Hicks Rubber Co. v. Columbia Tire & Rubber Co.

252 S.W. 216, 1923 Tex. App. LEXIS 233
CourtCourt of Appeals of Texas
DecidedApril 18, 1923
DocketNo. 6562.
StatusPublished
Cited by4 cases

This text of 252 S.W. 216 (Hicks Rubber Co. v. Columbia Tire & Rubber Co.) is published on Counsel Stack Legal Research, covering Court of Appeals of Texas primary law. Counsel Stack provides free access to over 12 million legal documents including statutes, case law, regulations, and constitutions.

Bluebook
Hicks Rubber Co. v. Columbia Tire & Rubber Co., 252 S.W. 216, 1923 Tex. App. LEXIS 233 (Tex. Ct. App. 1923).

Opinion

BLAIR, J.

The Hicks Rubber Company, a copartnership composed of D. N. Hicks, E. A. Hicks, and D. T. Hicks instituted this suit against the Columbia Tire & Rubber Company, a corporation incorporated under the the laws of the state of Ohio, with P. A. Doyle, of Dallas county, Tex;, as its agent, to recover 10 per cent, commission on a $19,000 sale of automobile casings and tubes made by appellee to the Cooper Grocery Company of Waco, Tex.

Appellant alleged that appellee had agreed to pay a commission on such sale. Appellee answered by a general demurrer and special exceptions, and general denial, and by special answer, to the effect that if appellee was entitled to recover a commission, that the said Cooper Grocery Company had only paid it the sum of $5,000 for merchandise, and such recovery should be limited to 10 per cent, of this amount. Appellant, by trial amendment pleaded that its contract was with one P. A. Doyle, who it alleged to be the agent of appellee, and that he had authority to make such contract, it being within the apparent scope of his general authority as a district sales agent for appellee; and further that appellee had ratified and confirmed the contract entered into, and had accepted the benefits thereof; and further alleged that it was to receive 10 per cent, of the gross amount of all sales made to the Cooper Grocery Company, whether the sales were absolute, conditional, or on consignment.

After the evidence was concluded, the trial judge peremptorily instructed the jury to return a verdict for appellee herein, upon its motion. Based upon the instructed verdict returned, the court rendered judgment for appellee. Appellant’s motion for a new trial was overruled, to which it excepted and gave notice of appeal.

The facts show that in the latter part of May or the early part of June, 1920, one P. A. Doyle traveling tire and tube salesman, operating under a general sales agency contract, as is shown. by the contract hereinafter set forth, called on the appellant and sought to sell it a carload or more of Colum-, bia tires and a certain make of tubes, and sought to interest appellant, a wholesale and retail tire company, into becoming the distributors for Waco and surrounding territory for such tires and tubes as he was sales agent for.
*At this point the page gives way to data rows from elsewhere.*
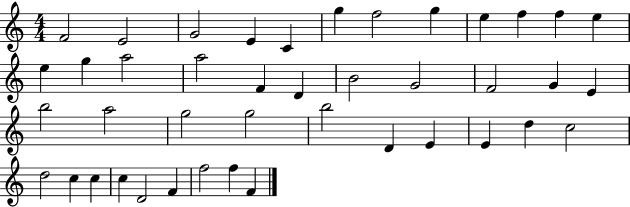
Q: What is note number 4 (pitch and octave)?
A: E4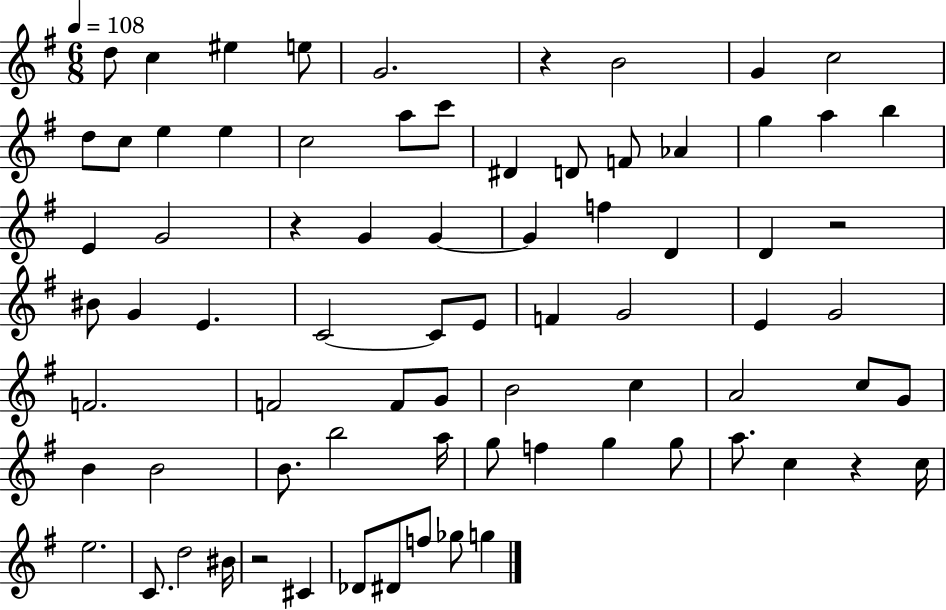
D5/e C5/q EIS5/q E5/e G4/h. R/q B4/h G4/q C5/h D5/e C5/e E5/q E5/q C5/h A5/e C6/e D#4/q D4/e F4/e Ab4/q G5/q A5/q B5/q E4/q G4/h R/q G4/q G4/q G4/q F5/q D4/q D4/q R/h BIS4/e G4/q E4/q. C4/h C4/e E4/e F4/q G4/h E4/q G4/h F4/h. F4/h F4/e G4/e B4/h C5/q A4/h C5/e G4/e B4/q B4/h B4/e. B5/h A5/s G5/e F5/q G5/q G5/e A5/e. C5/q R/q C5/s E5/h. C4/e. D5/h BIS4/s R/h C#4/q Db4/e D#4/e F5/e Gb5/e G5/q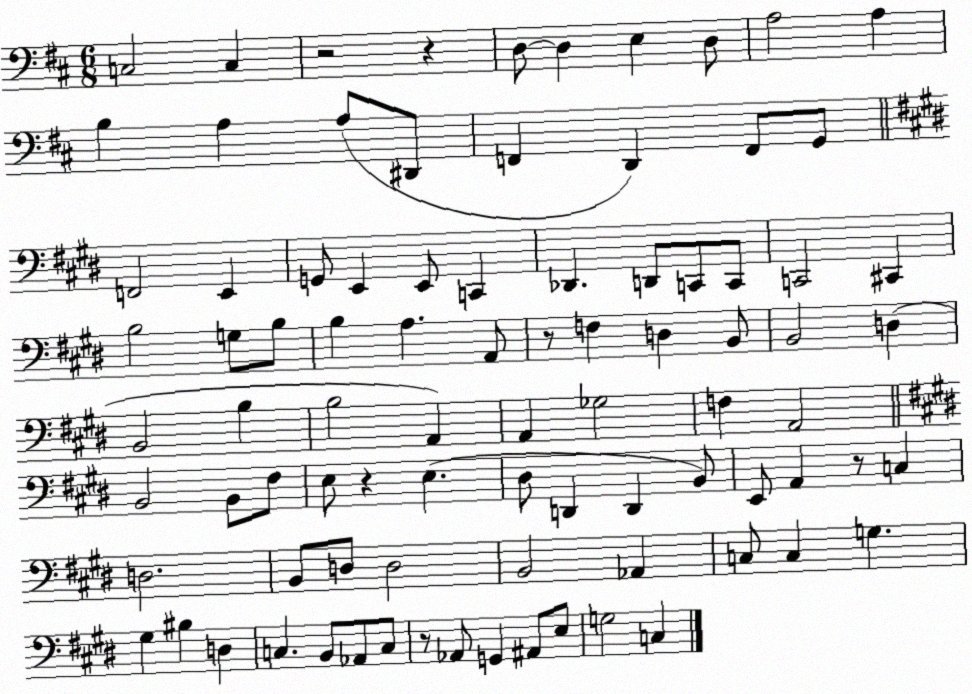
X:1
T:Untitled
M:6/8
L:1/4
K:D
C,2 C, z2 z D,/2 D, E, D,/2 A,2 A, B, A, A,/2 ^D,,/2 F,, D,, F,,/2 G,,/2 F,,2 E,, G,,/2 E,, E,,/2 C,, _D,, D,,/2 C,,/2 C,,/2 C,,2 ^C,, B,2 G,/2 B,/2 B, A, A,,/2 z/2 F, D, B,,/2 B,,2 D, B,,2 B, B,2 A,, A,, _G,2 F, A,,2 B,,2 B,,/2 ^F,/2 E,/2 z E, ^D,/2 D,, D,, B,,/2 E,,/2 A,, z/2 C, D,2 B,,/2 D,/2 D,2 B,,2 _A,, C,/2 C, G, ^G, ^B, D, C, B,,/2 _A,,/2 C,/2 z/2 _A,,/2 G,, ^A,,/2 E,/2 G,2 C,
Letters, which are hereinafter set forth, were passed between the appellee and the appellant looking to such an arrangement. Later appellant carried P. A. Doyle to one of its customers, the Cooper Grocery Company, and represented to said Cooper Grocery Company that it was not interested in the sale, but had come as a friend of Mr. Doyle, and left the Cooper Grocery Company free to contract with Doyle. Later the contract of the Cooper Grocery Company for several thousand dollars worth of tires and tubes was obtained by Doyle. Appellant contended that Doyle agreed to pay it 10 per cent, of the gross sales to this customer, and that the appellee ratified the contract and accepted the benefits thereof, all of which was denied by Doyle and the appellee.

Doyle had no authority to appoint an agent for his principal under his contract of salesmanship; neither did appellee know of such arrangement being made by appellant and Doyle. It did not know the terms of such agreement; nor does the proof show that it knew that the appellant was claiming as a subagent of Doyle, appointed in the due and apparent scope of his authority; nor that it has accepted the contract of the Cooper Grocery Company with any such knowledge.

Appellant submits for our consideration some ten assignments of error or propositions of law, whereby it seeks a reversal of this case.' However, we are of the opinion that these assignments present only two questions, and will be discussed by us thereunder.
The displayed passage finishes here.